Assignment -> The material below is to be copied exactly from the line with "3 bedrooms, iron/ironing board, WiFi" up to and including the line with "Detail Gallery Image", with nothing else kept and no pictures.

Provided data ->
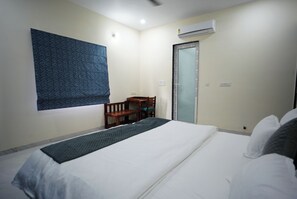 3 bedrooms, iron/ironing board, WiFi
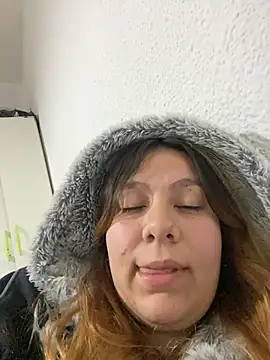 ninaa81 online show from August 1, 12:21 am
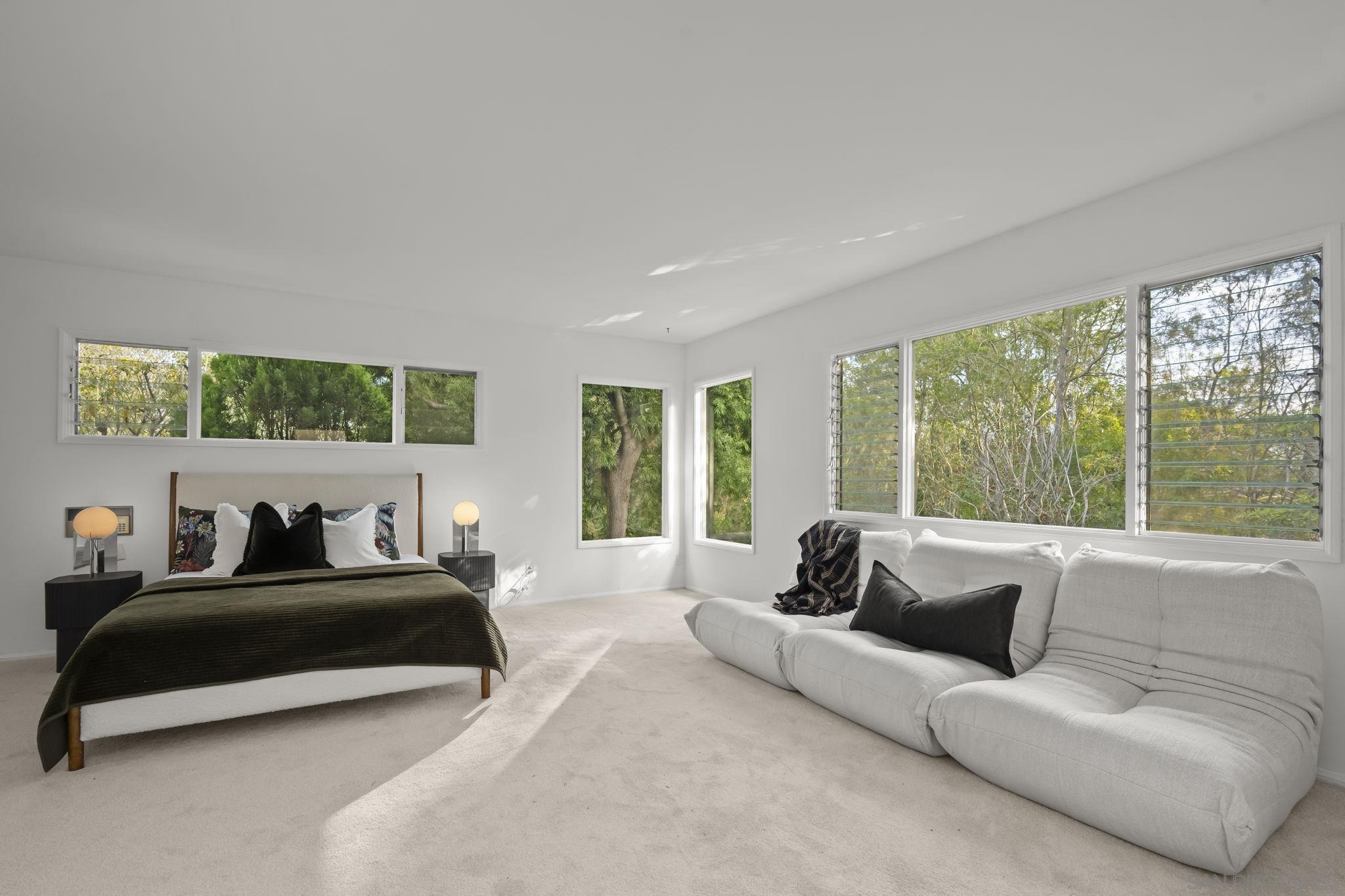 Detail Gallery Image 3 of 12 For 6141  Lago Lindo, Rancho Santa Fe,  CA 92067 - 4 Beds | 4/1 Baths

...

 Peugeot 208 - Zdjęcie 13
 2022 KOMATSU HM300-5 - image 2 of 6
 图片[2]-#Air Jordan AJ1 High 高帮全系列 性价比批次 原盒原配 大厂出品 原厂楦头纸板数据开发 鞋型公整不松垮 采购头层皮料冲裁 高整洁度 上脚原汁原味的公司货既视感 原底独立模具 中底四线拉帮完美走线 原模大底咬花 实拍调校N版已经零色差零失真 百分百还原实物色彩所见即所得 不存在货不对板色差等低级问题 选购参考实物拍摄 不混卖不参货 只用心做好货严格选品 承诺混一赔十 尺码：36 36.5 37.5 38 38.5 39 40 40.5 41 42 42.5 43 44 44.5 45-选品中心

Exercise response ->
 3 bedrooms, iron/ironing board, WiFi
 ninaa81 online show from August 1, 12:21 am
 Detail Gallery Image 3 of 12 For 6141  Lago Lindo, Rancho Santa Fe,  CA 92067 - 4 Beds | 4/1 Baths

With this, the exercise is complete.